TASK GOAL: With the images removed, write out each record exactly as given.

[Scraped caption text data]
━━━

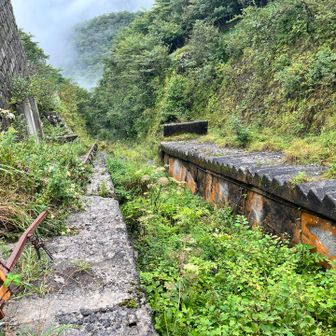鳥居峠にある赤城山頂駅跡

ここには旧駅舎を改装した「ほぼの駅 AKAGI」というおしゃれなお店があります

でも、まだ時間が早いので開いてませんが(^^;)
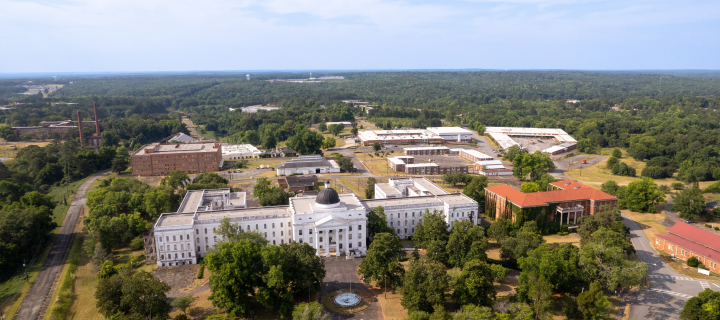 Powell Building at the old Central State Hospital in Milledgeville, Georgia - Cheap car insurance in Milledgeville, Georgia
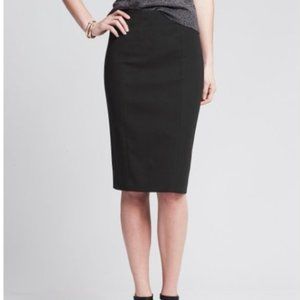 COVID-19 SALE...NWT Banana Republic Skirt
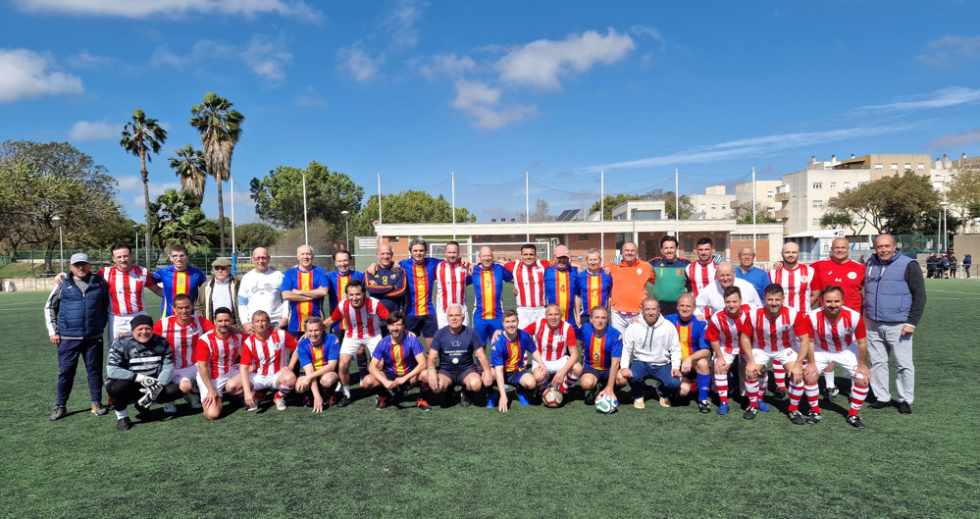 Duelo en la cumbre entre el Racing Club Portuense Veteranos y el Leyendas Notarios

━━━

ANSWER SECTION:
鳥居峠にある赤城山頂駅跡

ここには旧駅舎を改装した「ほぼの駅 AKAGI」というおしゃれなお店があります

でも、まだ時間が早いので開いてませんが(^^;)
 Powell Building at the old Central State Hospital in Milledgeville, Georgia - Cheap car insurance in Milledgeville, Georgia
 COVID-19 SALE...NWT Banana Republic Skirt
 Duelo en la cumbre entre el Racing Club Portuense Veteranos y el Leyendas Notarios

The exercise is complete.